SAISIES - Scellés - Destruction - Appel - Moyen critiquant le fondement de la saisie - Irrecevabilité

Est inopérant le moyen qui critique le fondement de la saisie dans le cadre de l'appel contre une mesure de destruction de biens saisis prise en application de l'article 41-5 du code de procédure pénale, cette question relevant du contentieux de la saisie proprement dite


SAISIES - Scellés - Destruction - Appel - Chambre de l'instruction - Pouvoirs des juges

La contestation prévue au quatrième alinéa de l'article 41-5 du code de procédure pénale ayant la nature et les effets de l'appel, la chambre de l'instruction peut substituer ses motifs à ceux de la décision du procureur de la République prise en application de ce texte


SAISIES - Scellés - Destruction - Objets qualifiés par la loi de dangereux ou nuisibles - Cas - Armes

La loi qualifie les armes de dangereuses au travers des dispositions de l'article 132-75, alinéa 1er, du code pénal et de celles de l'article L. 311-2 du code de la sécurité intérieure

Texte de la décision

N° U 22-80.950 F-B

N° 01442


RB5
23 NOVEMBRE 2022


REJET


M. BONNAL président,








R É P U B L I Q U E F R A N Ç A I S E
________________________________________


AU NOM DU PEUPLE FRANÇAIS
_________________________


ARRÊT DE LA COUR DE CASSATION, CHAMBRE CRIMINELLE,
DU 23 NOVEMBRE 2022



M. [G] [F] a formé un pourvoi contre l'arrêt de la chambre de l'instruction de la cour d'appel de Bastia, en date du 12 janvier 2022, qui, dans la procédure suivie contre lui des chefs de menace de mort et infraction à la législation sur les armes, a confirmé la décision de destruction du bien saisi prise par le procureur de la République

Un mémoire et des observations complémentaires ont été produits.

Sur le rapport de Mme Planchon, conseiller, les observations de la SCP Waquet, Farge et Hazan, avocat de M. [G] [F], et les conclusions de M. Salomon, avocat général, après débats en l'audience publique du 19 octobre 2022 où étaient présents M. Bonnal, président, Mme Planchon, conseiller rapporteur, Mme de la Lance, conseiller de la chambre, Mme Boudalia, greffier de chambre,

la chambre criminelle de la Cour de cassation, composée en application de l'article 567-1-1 du code de procédure pénale, des président et conseillers précités, après en avoir délibéré conformément à la loi, a rendu le présent arrêt.

Faits et procédure

1. Il résulte de l'arrêt attaqué et des pièces de la procédure ce qui suit.

2. Dans le cadre d'une procédure d'enquête diligentée du chef de menaces de mort, les enquêteurs ont effectué le 17 mai 2021 une perquisition au domicile de M. [G] [F] au cours de laquelle ils ont procédé à la saisie de trois fusils, armes de catégorie C, dont les investigations ont révélé que le demandeur les détenait sans déclaration.

3. Le 14 juin 2021, le procureur de la République a ordonné la destruction des armes saisies.

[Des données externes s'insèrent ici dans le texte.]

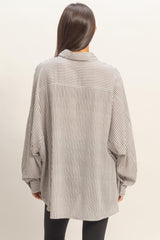 woman wearing a black and white striped oversized shirt with balloon sleeves, viewed from the back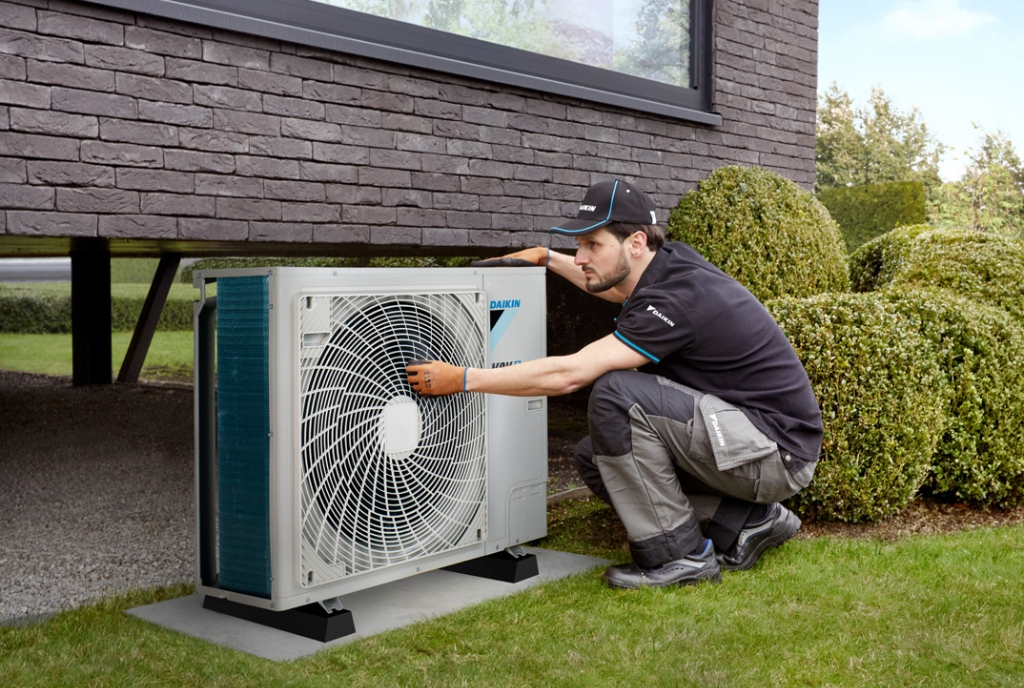 Technician tuning a high-efficiency Daikin inverter heat pump in San Marcos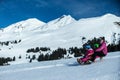 Mother and children having fun on sledge with panoramatic view of Alps mountains. Active mom and toddler kid with safety helmet. Royalty Free Stock Photo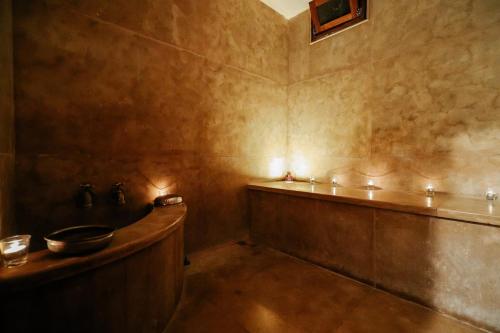 a bathroom with a tub with lights on the wall at Villa Sophia in Azib Oulad Lâdem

Cette décision a été notifiée oralement par procès-verbal le lendemain à M. [F] qui en a interjeté appel le 18 juin suivant.

Examen des moyens

Sur le second moyen, pris en sa deuxième branche


4. Il n'est pas de nature à permettre l'admission du pourvoi au sens de l'article 567-1-1 du code de procédure pénale.


Sur le premier moyen

Enoncé du moyen

5. Le moyen critique l'arrêt attaqué en ce qu'il a confirmé la décision de destruction des scellés 1 à 3 de la procédure 538/2021 après avoir refusé de prononcer la nullité de la saisie des biens placés sous scellés, alors :

« 1°/ que la saisie de fusils de chasse opérée au cours d'une procédure distincte, initialement suivie du chef de menace de mort avec ordre de remplir une condition, est nulle dès lors que la personne gardée à vue a fait l'objet d'une nouvelle procédure en détention illégale d'arme de catégorie C sans que le procureur de la République n'ait été immédiatement informé de la découverte de faits autres que ceux à l'origine de la mesure de garde à vue précédemment ordonnée ; que la personne intéressée n'a pu bénéficier des droits et garanties octroyés par les articles 65, 61-1, 63.3-1, 63-4-3 du code de procédure pénale relativement à ces faits nouveaux, consistant notamment à être avertie de son droit à être assisté d'un avocat et à s'entretenir avec lui, en violation des textes susvisés et du droit de la défense entrainant la nullité de cet acte ainsi que des actes subséquents qui en découlent ;

2°/ qu'en outre, la saisie opérée dans ces conditions requiert l'assentiment de l'intéressé et la rédaction d'un procès-verbal de saisine distinct ; que M. [F] faisait valoir que lors de la découverte des fusils de chasse à son domicile, les enquêteurs n'avaient aucun élément leur permettant de déterminer l'illicéité de la détention de ces armes de chasse qui n'avait pas de rapport avec les faits poursuivis par ailleurs, et qu'ils devaient donc se conformer aux règles de la saisie incidente prévue par les articles 56 et 76 du code de procédure pénale ; qu'en considérant de façon tout à fait hypothétique et dubitative que la saisie s'avérait utile à la manifestation de la vérité, ces armes étant « de façon vraisemblable » liées aux menaces de mort objets de la poursuite pour considérer la saisie justifiée par référence à la procédure initiale sans justifier du lien existant entre la détention de fusils de chasse et les menaces de mort, la Chambre de l'instruction a ainsi méconnu les textes et principes susvisés. »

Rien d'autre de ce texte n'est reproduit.